Nie używam X3, więc nie chcę przesądzać, jaką gramaturę może komfortowo obsłużyć, jednak moje doświadczenia z "dystansowymi" feederami 12'/85 g i 12'/90 g są takie, że 60 - 70 g + zanęta to górna granica komfortowego zakresu. Nie chodzi nawet o to, bym obawiał się połamania (nie miotam siłowo, bo łowię na umiarkowanych dystansach), ale cięższymi koszyczkami rzuca mi się przyjemniej za pomocą mocniejszej wędki.

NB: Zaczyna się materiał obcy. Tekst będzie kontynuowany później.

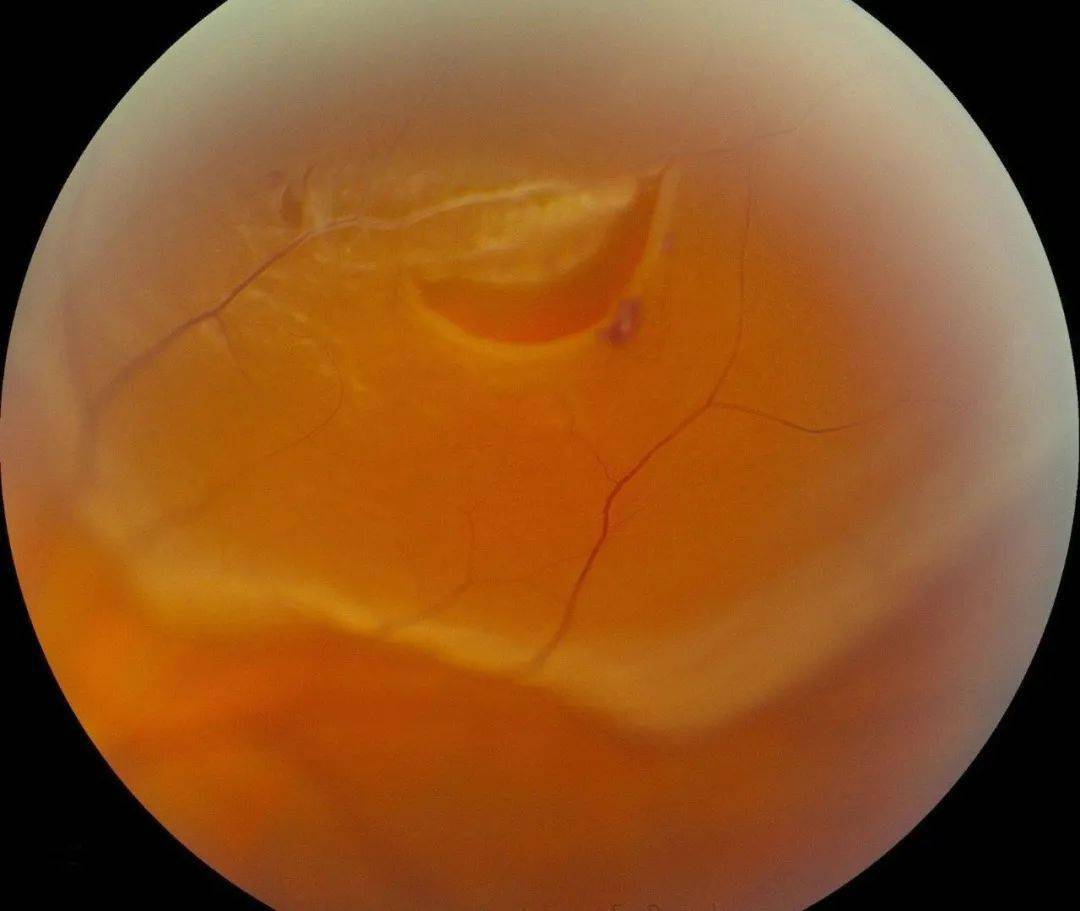 王凯医生视光课堂 | 全飞秒手术在角膜上做,为什么还要查眼底?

Można bezpiecznie przyjąć, że dolne 2/3 blanku będzie zauważalnie sztywniejsze niż w feederach niedystansowych (zwłaszcza dedykowanych do metody), a ugięcie da się opisać jako progresywne, bo feedery "dystansowe" już tak mają (za nielicznymi wyjątkami, które uginają się bardziej szczytowo niż progresywnie). 
Na poważniejszą rzekę lepszym wyborem może się okazać X3 w odmianie "power" (12'/100 g) - zwłaszcza jeżeli nie planujemy odławiać drobnego bialorybu w spowolnieniach. Ma ona w zestawie szczytówkę 3 oz, którą do wersji 12'/90 g należałoby dokupić (2 oz będzie trochę słabowita w żwawo płynących miejscówkach).